-- Provided entries follows --

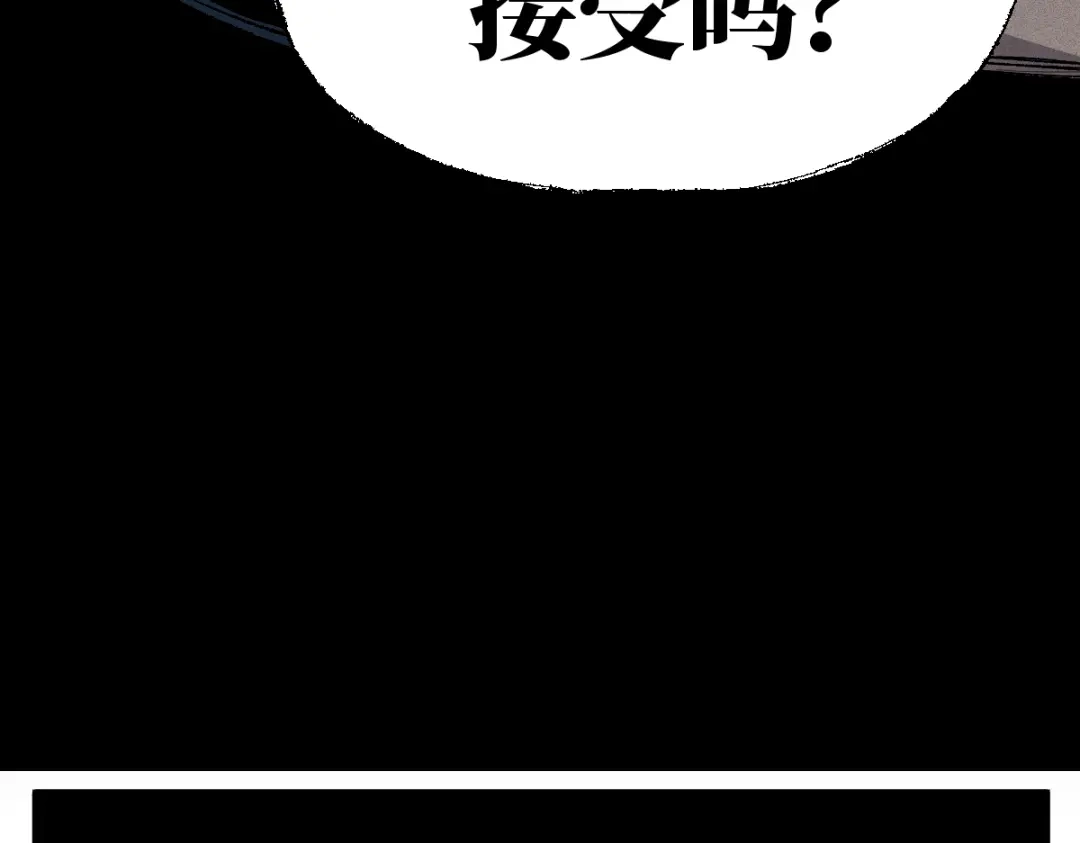 《天下无敌 转世投敌》第5话 我有个妈妈 第189页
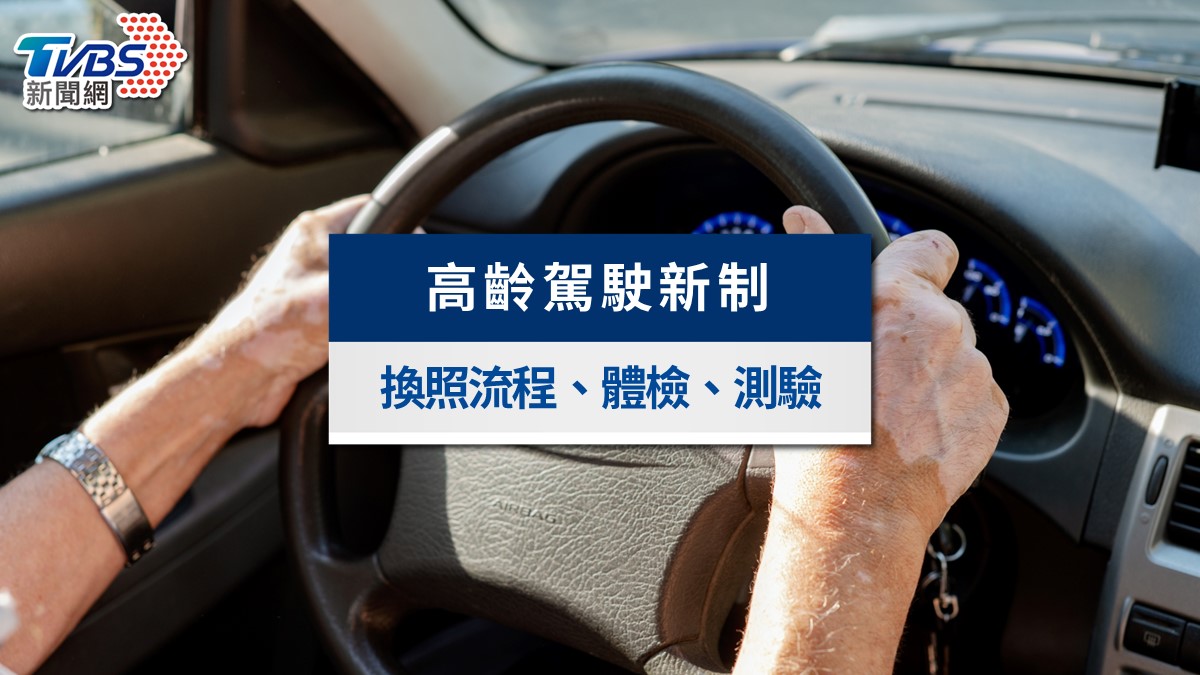 高齡換照新制5/31上路》70歲要換照?流程、認知測驗與3.6萬補助懶人包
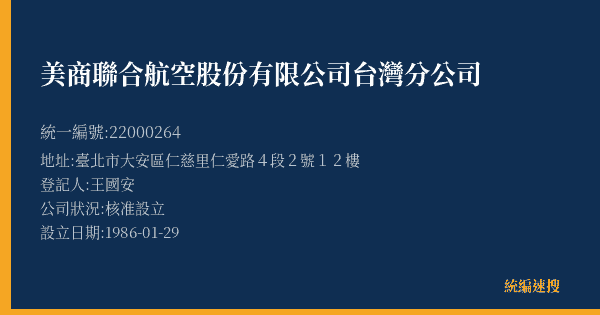 美商聯合航空股份有限公司台灣分公司的照片-統編 22000264(臺北市) 公司登記資料與營業項目詳細圖表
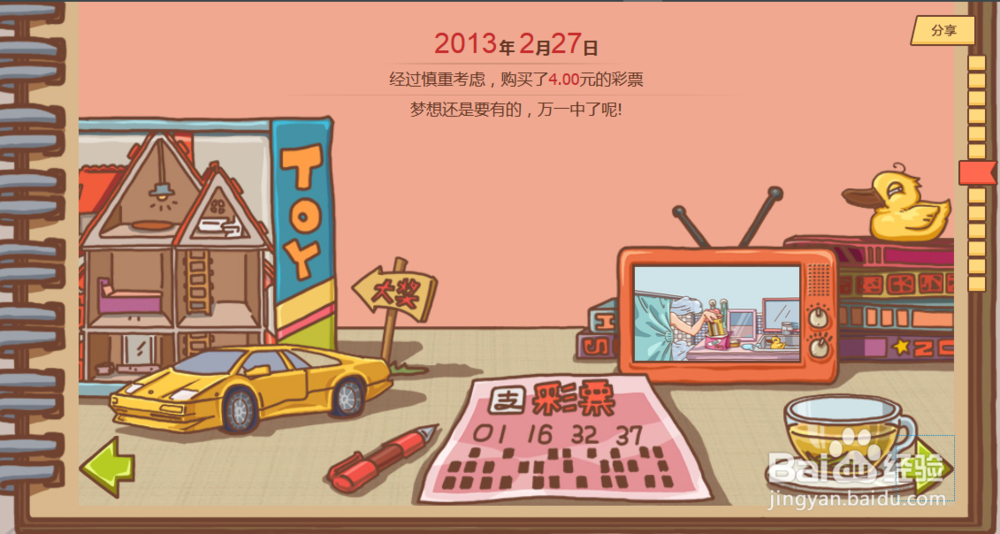 支付宝十年账单如何查看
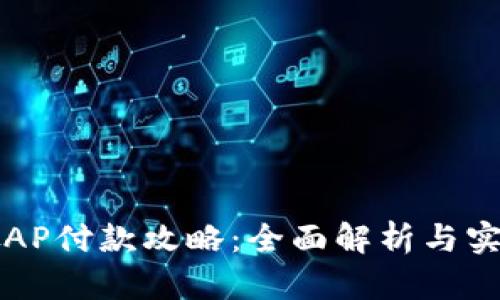 新加坡AP付款攻略：全面解析与实用技巧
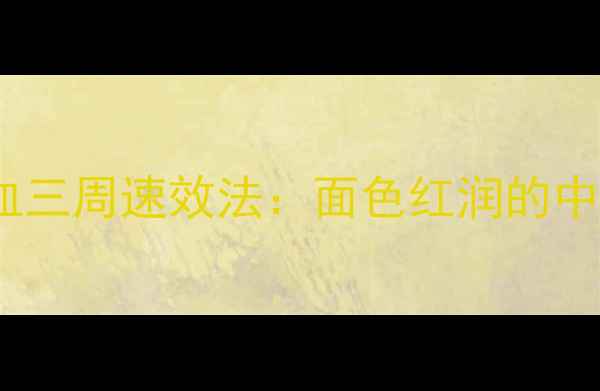 图片 金刚功养气血三周速效法：面色红润的中医传承秘术2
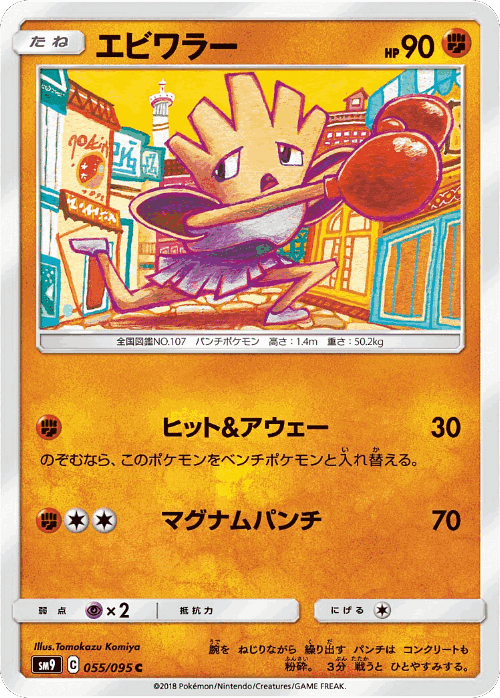 Hitmonchan 55, Tag Bolt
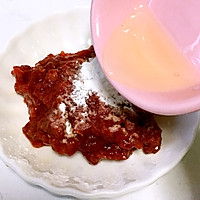 牛肉菜苔粥的做法图解8
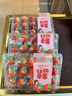 京鲜生 丹东99红颜奶油草莓 1.8斤礼盒装 300g*3盒 单果14-20g 生鲜水果 实拍图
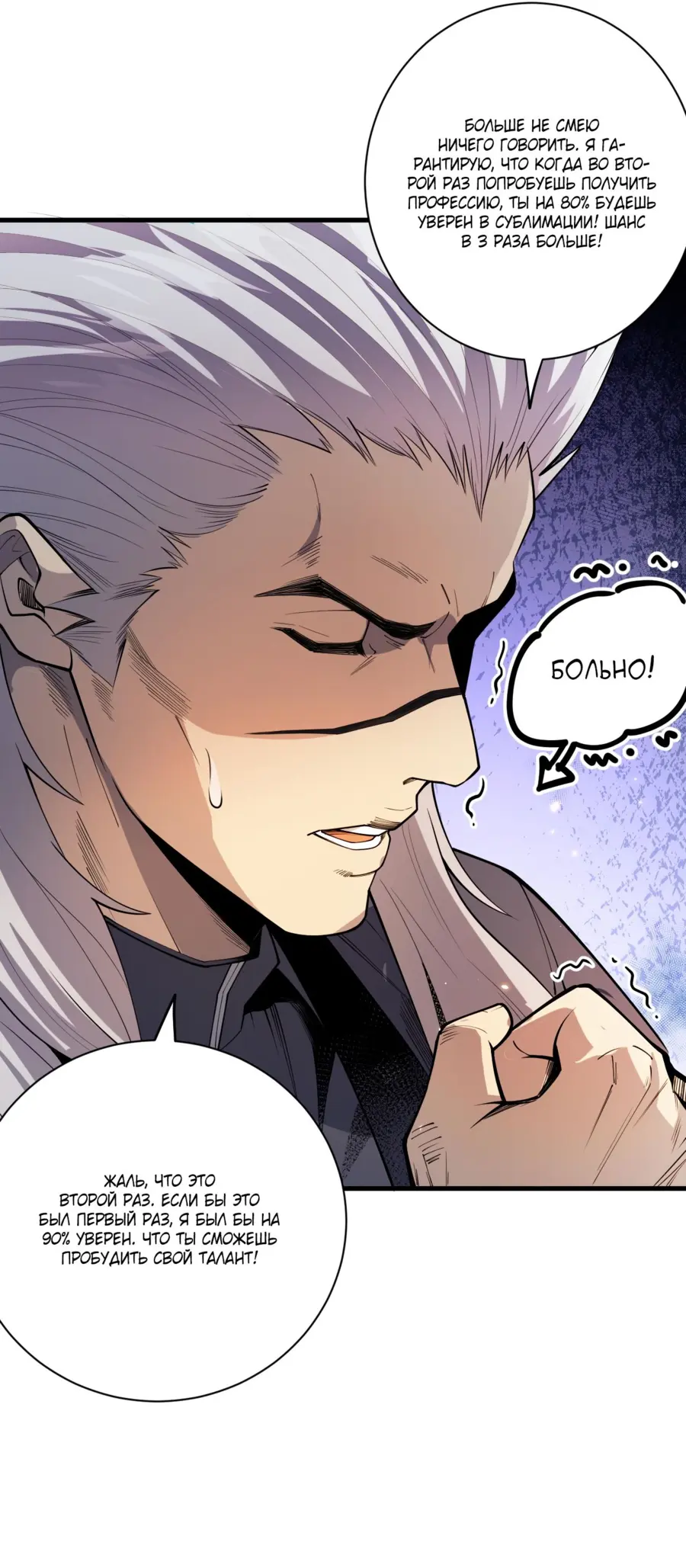 Read Некромант я катастрофа Necromancer I Am a Disaster RU Manga Online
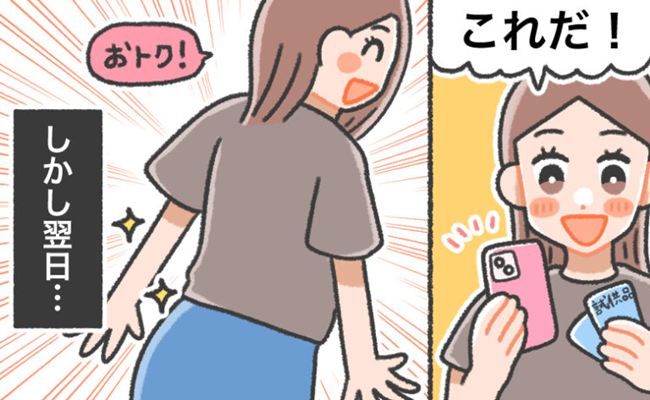 節約失敗談 イメージカット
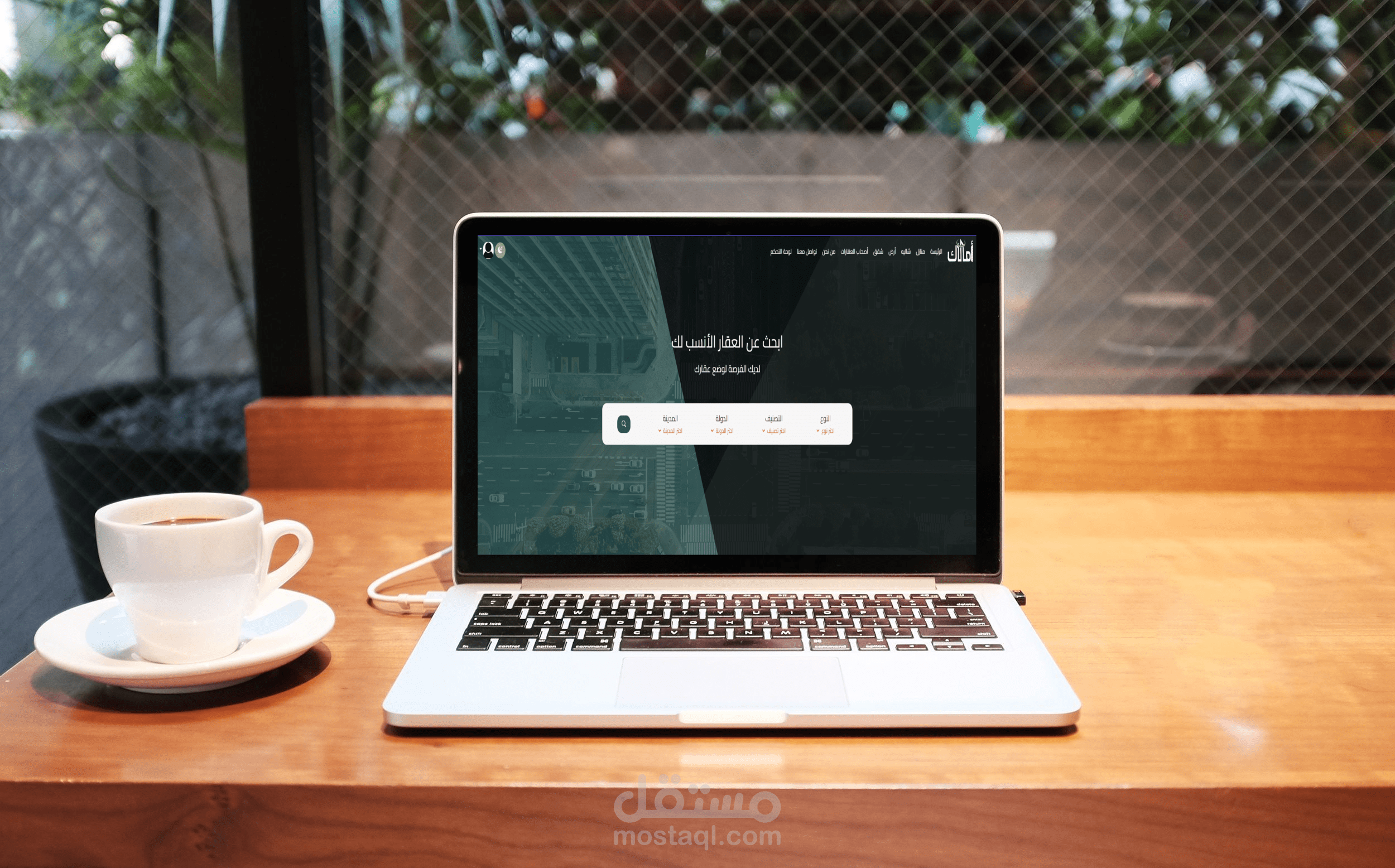 منصة أملاك لعرض العقارات (Front End & Back End) ASP.NET Core 5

-- Provided entries concluded --

_Instructions for the task:_
What is needed is an exact copy of the data, without any pictures.

_Response box:_
 《天下无敌 转世投敌》第5话 我有个妈妈 第189页
 高齡換照新制5/31上路》70歲要換照?流程、認知測驗與3.6萬補助懶人包
 美商聯合航空股份有限公司台灣分公司的照片-統編 22000264(臺北市) 公司登記資料與營業項目詳細圖表
 支付宝十年账单如何查看
 新加坡AP付款攻略：全面解析与实用技巧
 图片 金刚功养气血三周速效法：面色红润的中医传承秘术2
 Hitmonchan 55, Tag Bolt
 牛肉菜苔粥的做法图解8
 京鲜生 丹东99红颜奶油草莓 1.8斤礼盒装 300g*3盒 单果14-20g 生鲜水果 实拍图
 Read Некромант я катастрофа Necromancer I Am a Disaster RU Manga Online
 節約失敗談 イメージカット
 منصة أملاك لعرض العقارات (Front End & Back End) ASP.NET Core 5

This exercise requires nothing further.